What the task asks
Below are some records. Write out the line that contains "Washington, Usa. Oktober" and all lines after it, exactly, but not the pictures.

━━━

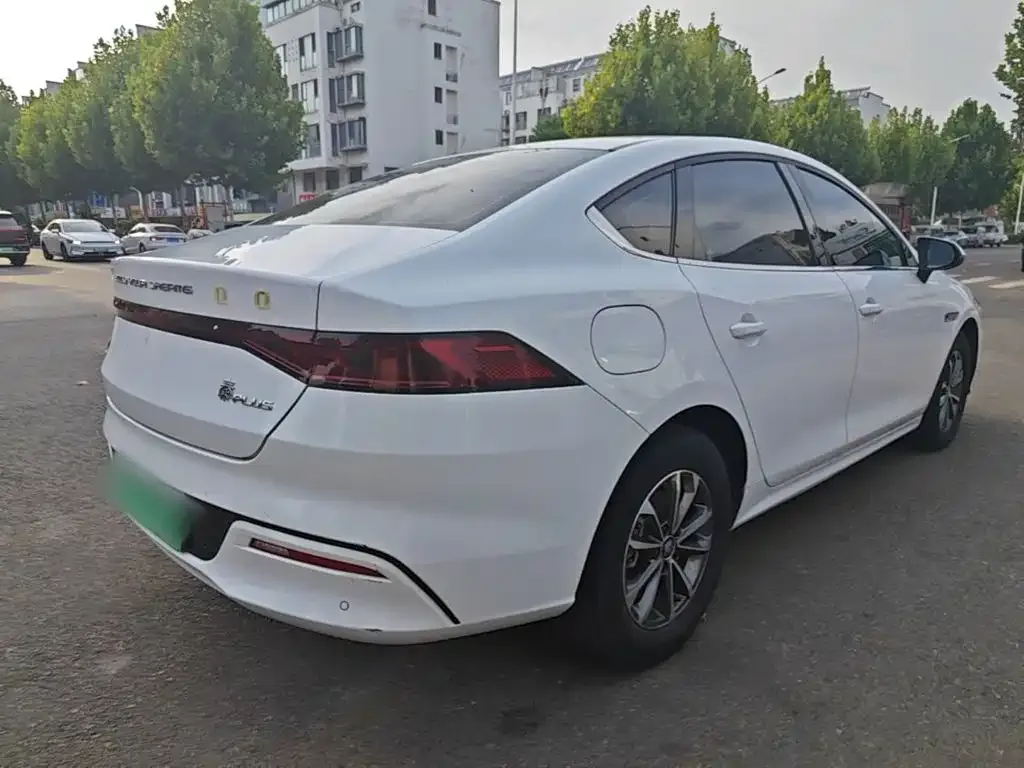 BYD Qin PLUS 2023 Champion Edition DM-i 55KM Leading — Фото автомобиля 6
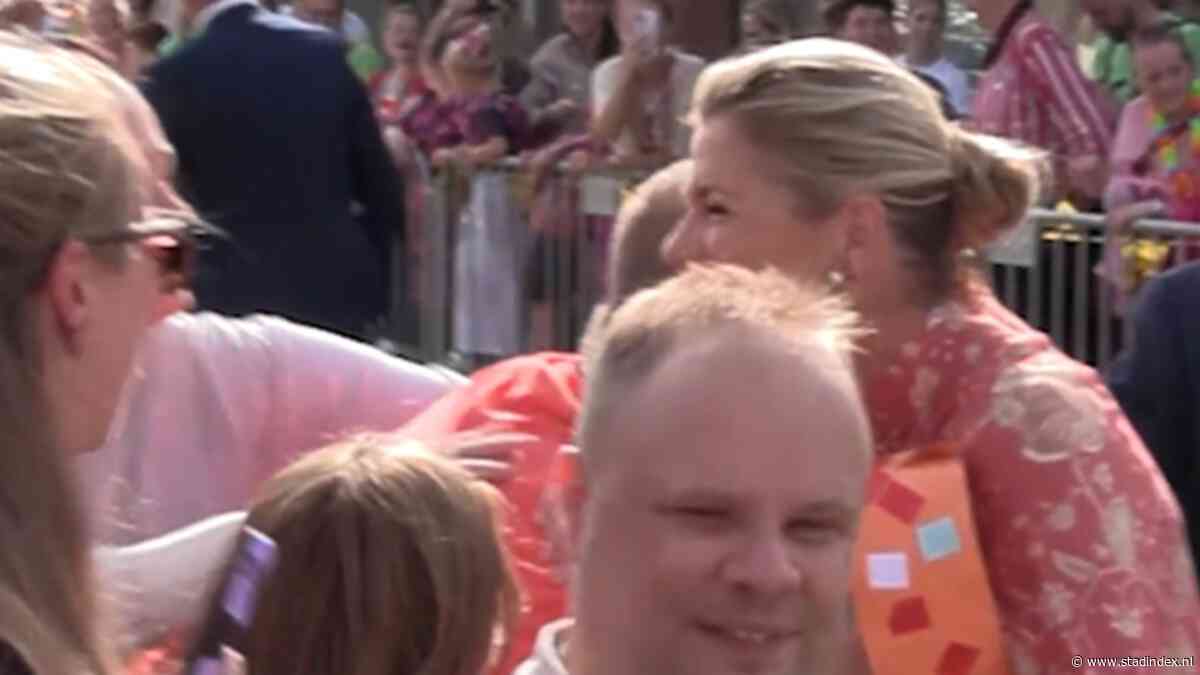 Koningin Máxima uitbundig geknuffeld bij aankomst op Urk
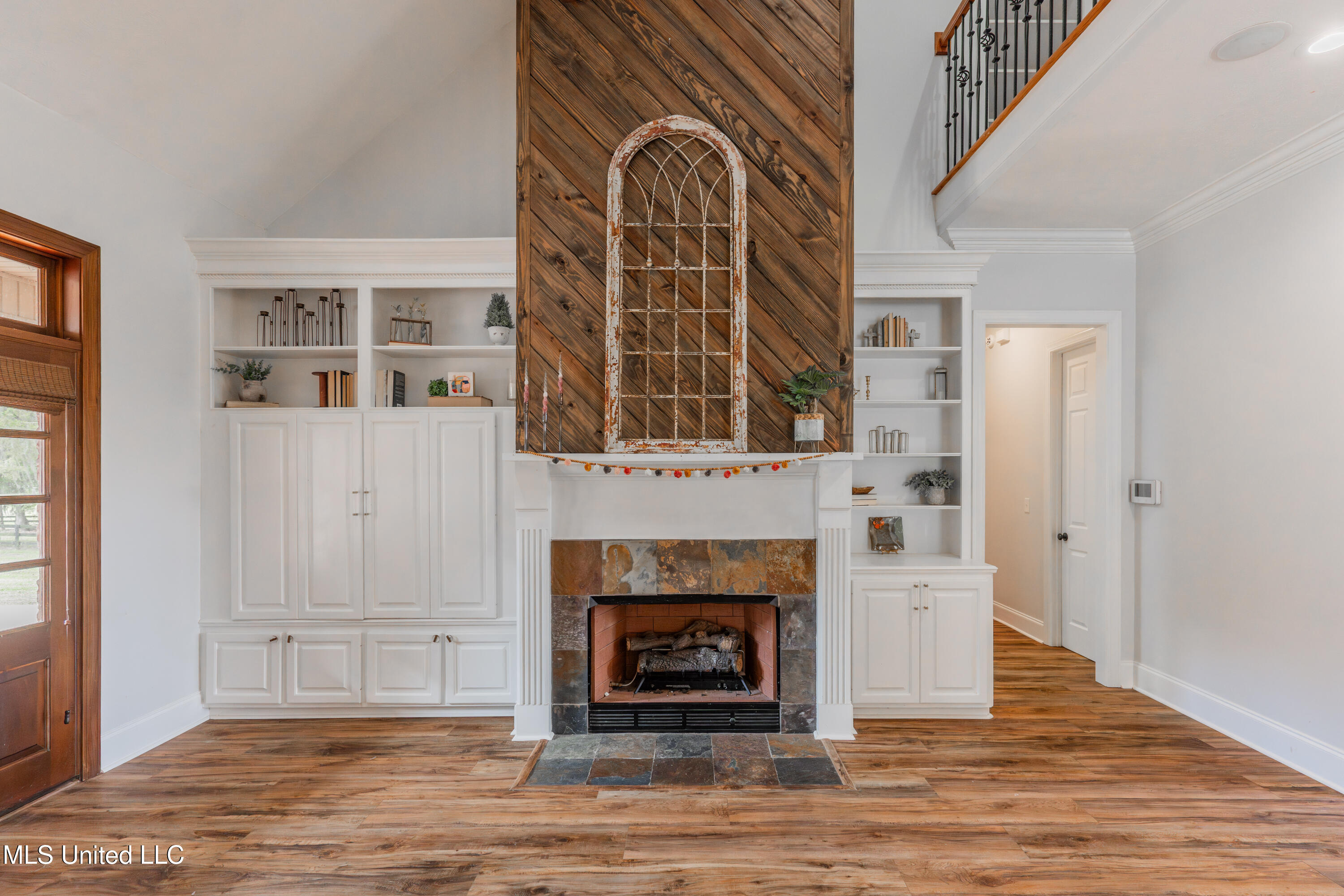 118 Viewpointe Drive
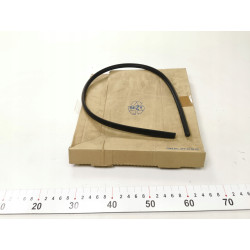 Listwa uszczelniająca-Słupek A Drzwi przednie FORD Fiesta 1995-2002 1090079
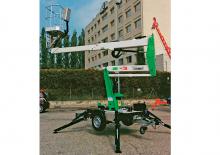 Plataformas elevadoras articuladas remolcables Comet X Trailer 14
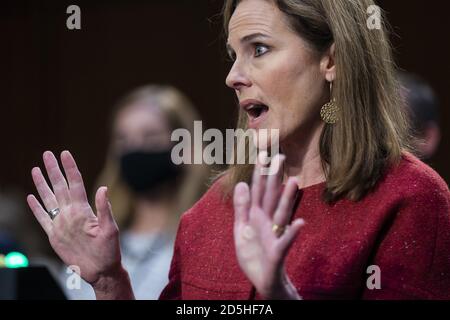 Washington, Usa. Oktober 2020. Richterin Amy Coney Barrett beantwortet eine Frage des demokratischen Senators aus Connecticut Richard Blumenthal (nicht abgebildet) während ihrer Bestätigungsverhandlung vor dem Justizausschuss des Senats im Hart Senate Office Building in Washington, DC, am Dienstag, den 2020. Oktober. US-Präsident Donald J. Trump ernannte Barrett zur Besetzung der Vakanz, die Justice Ruth Bader Ginsburg nach ihrem Vergehen im September 2020 verlassen hatte. Pool Foto von Jim Lo Scalzo/UPI Kredit: UPI/Alamy Live Nachrichten Stockfoto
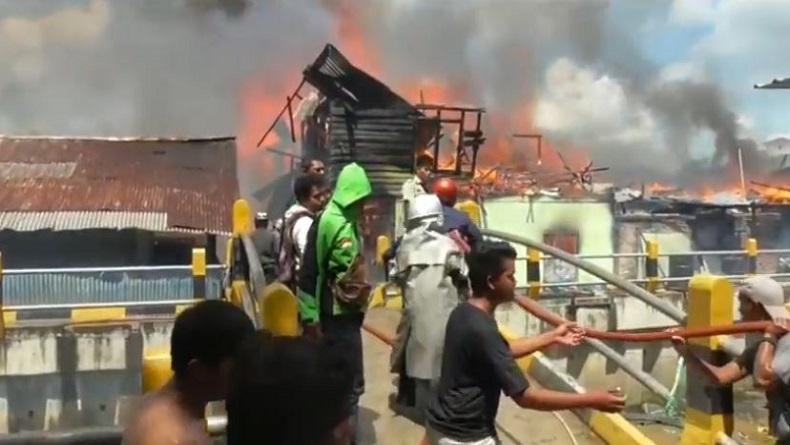 Kebakaran Hebat di Tarakan Kaltara, Ratusan Rumah dan Toko Hangus Dilalap Api
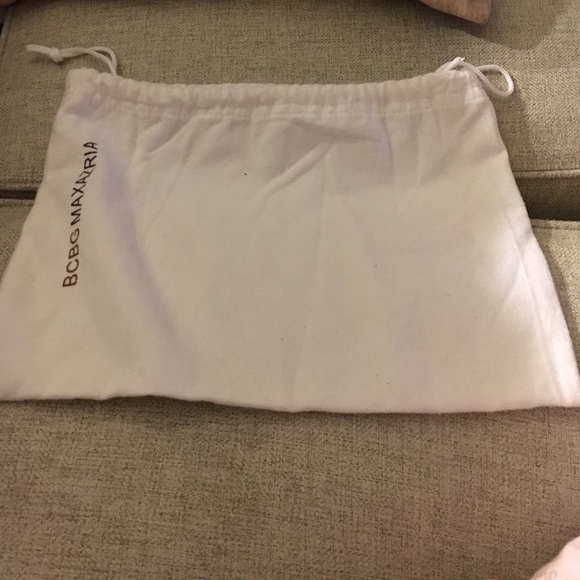 ❌❌BCBG MAXAZRIA SEQUIN WRISTLET❌❌SOLD elsewhere - Picture 4 of 4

━━━

Answer space
 Washington, Usa. Oktober 2020. Richterin Amy Coney Barrett beantwortet eine Frage des demokratischen Senators aus Connecticut Richard Blumenthal (nicht abgebildet) während ihrer Bestätigungsverhandlung vor dem Justizausschuss des Senats im Hart Senate Office Building in Washington, DC, am Dienstag, den 2020. Oktober. US-Präsident Donald J. Trump ernannte Barrett zur Besetzung der Vakanz, die Justice Ruth Bader Ginsburg nach ihrem Vergehen im September 2020 verlassen hatte. Pool Foto von Jim Lo Scalzo/UPI Kredit: UPI/Alamy Live Nachrichten Stockfoto
 Kebakaran Hebat di Tarakan Kaltara, Ratusan Rumah dan Toko Hangus Dilalap Api
 ❌❌BCBG MAXAZRIA SEQUIN WRISTLET❌❌SOLD elsewhere - Picture 4 of 4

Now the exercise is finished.